Embracing the pivot to find product-market fit
Kosta and his team’s initial vision was ambitious. They wanted to create a global cable company by letting anyone stream content on their TV without additional hardware. With an exceptional technical team in Bulgaria, FITE was able to build revolutionary streaming technology that was far more sophisticated than anything else in 2012, when the world was still wrapped in wires and chained to cable boxes.
They offered an incredibly diverse selection of content: the news, old movies, and even movie clips. But the content variety wasn’t driving sustained engagement; users were signing up — but not staying.
“We knew that if we wanted to improve retention, we needed to sharpen and deepen our offering,” he says.

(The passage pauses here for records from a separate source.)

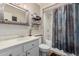 Bathroom featuring a white vanity, toilet, and shower with blue patterned curtain at 14212 N Newcastle Dr, Sun City, AZ 85351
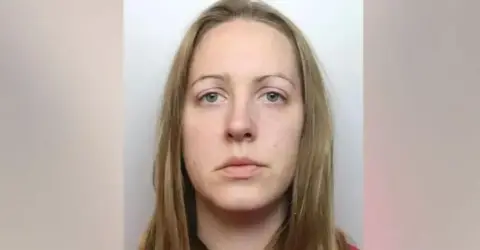 Cheshire Constabulary Lucy Letby stares straight ahead, unsmiling, in her police mugshot 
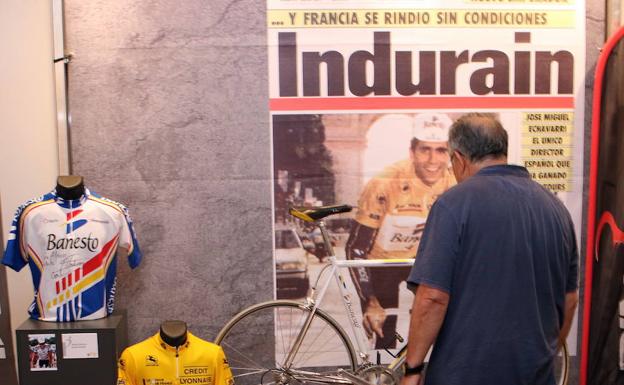 Un visitante de la exposición observa un cartel con la imagen de Indurain. 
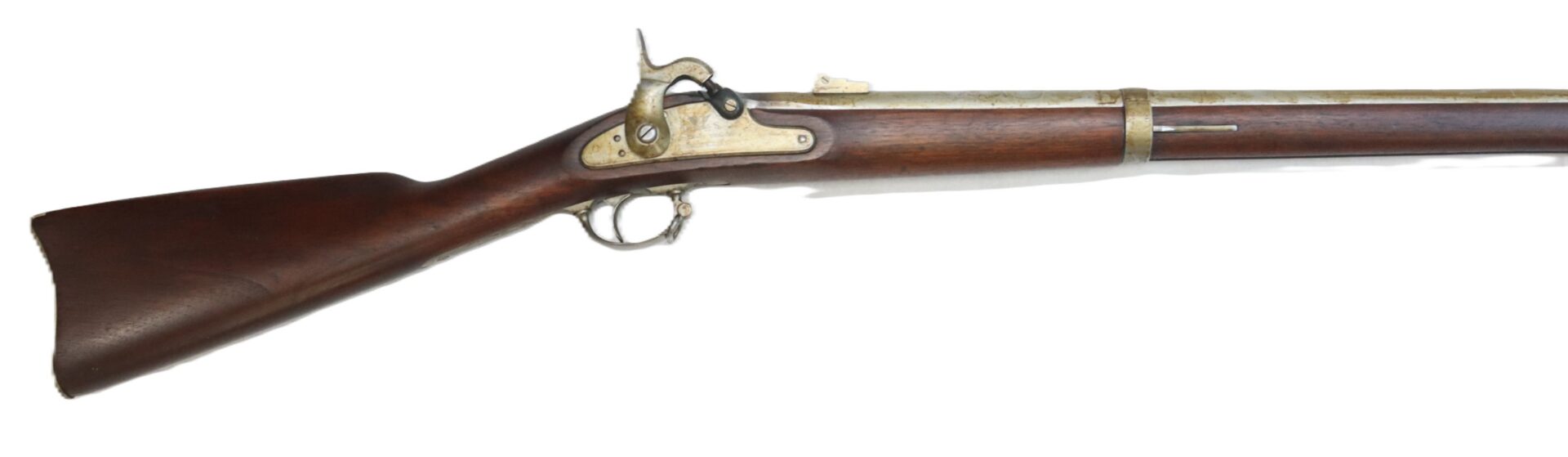 Side view of an antique single-shot percussion cap rifle with a wooden stock and metal barrel against a white background.
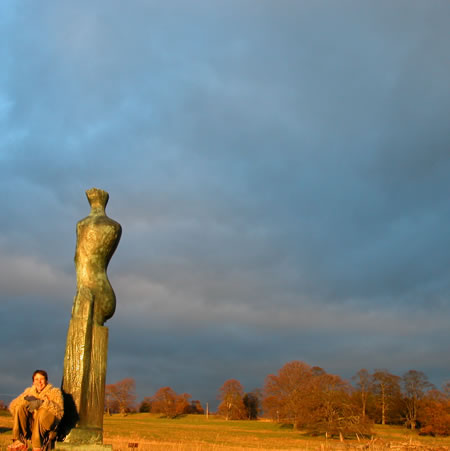 A bronze figure stands on a hill at sunset with a small seated person at its base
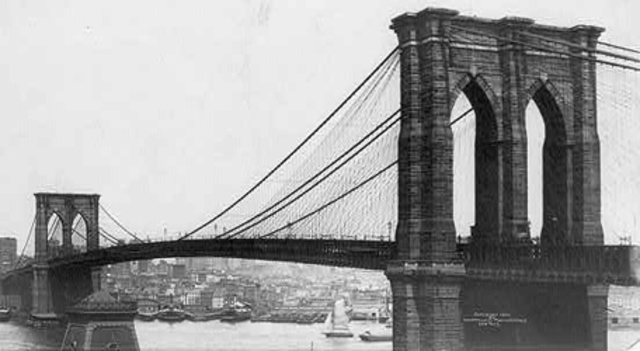 The Brooklyn Bridge opens.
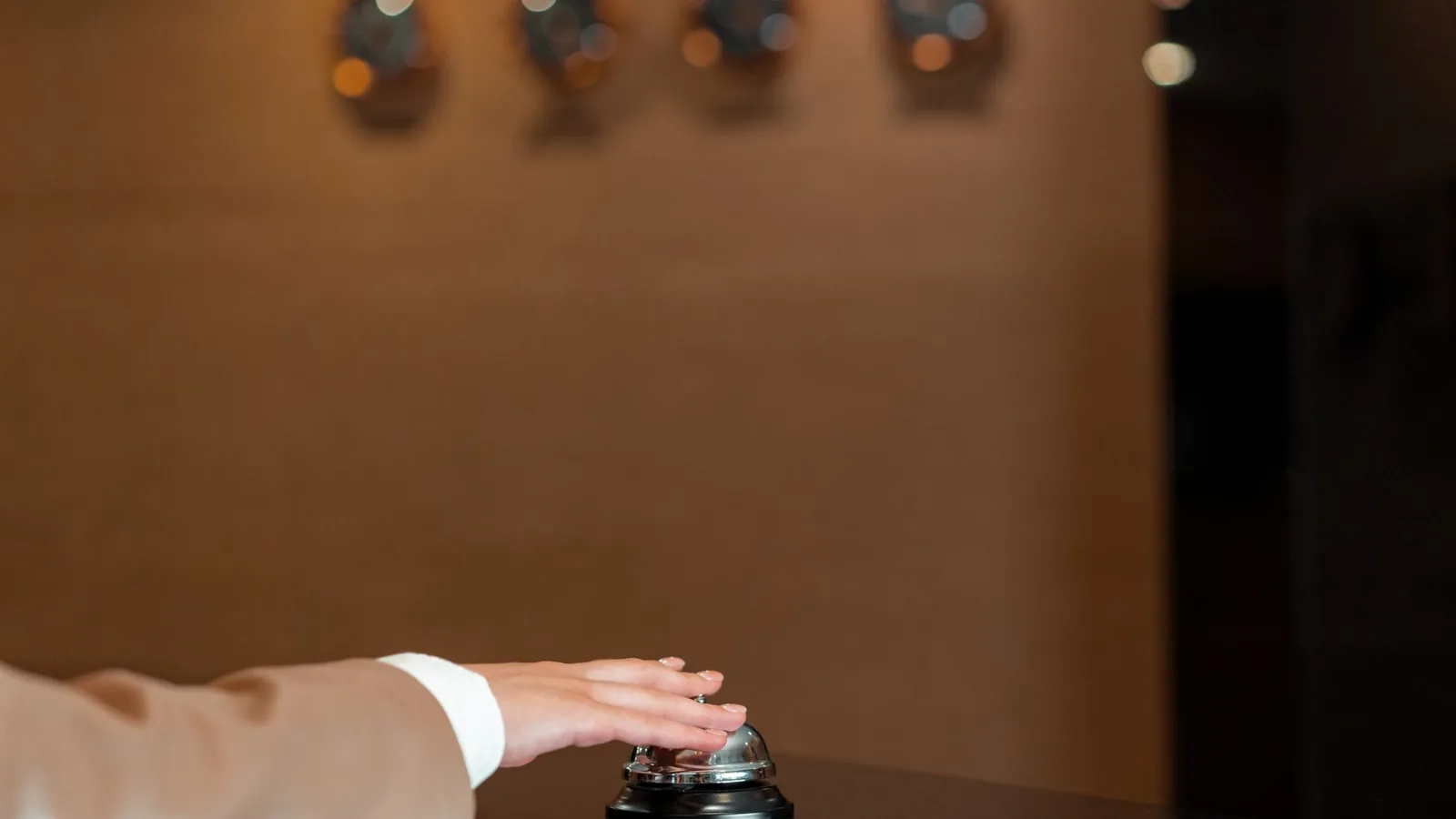 A hand pressing a bell at a hotel reception, symbolizing service and hospitality.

For the second large pivot, the team analyzed the dynamics of the streaming market, and saw the advantages of live content for streaming — their technology worked especially well for live content, Kosta explains. Within live content, sports were an obvious target, but much of the industry was dominated by large broadcasters with deep pockets.
Then, the team zeroed in on the pay-per-view market in the US. Unlike regular cable television, pay-per-view involves viewers paying a fee to watch a specific program. Within this type of service, combat spots were the dominant category of content. Here was the viable niche that would prove the foundation from which to grow.
Kosta says he advises other founders to think about how to test product-market fit as cheaply and quickly as possible.
“Start small, see if you can drive some users to your website with some ads, and get them to subscribe to information about an upcoming product,” he says. “Test, pivot, use data. Create an MVP instead of going large from day one.”
““Start small, see if you can drive some users to your website with some ads, and get them to subscribe to information about an upcoming product,” he says. “Test, pivot, use data. Create an MVP instead of going large from day one.””
Kosta Jordanov, Co-founder and CEO at FITE
Plan — and deliver on your pivot
Building a business takes capital as well — and the team also needed to fundraise by the time they had decided on this important second pivot. Kosta says he chose to be extremely transparent with his investors about the shift, sharing a detailed document with his backers a month before going out to seriously raise the next round.
The plan included developing a new app, a complete brand change to reflect the new focus, and — a tough decision — some team restructuring. The team completed these major changes in just one-and-a-half months. In the end, transparency worked in the company’s favor.
“The speed of execution impressed investors, and it proved our ability to both plan and deliver,” says Kosta.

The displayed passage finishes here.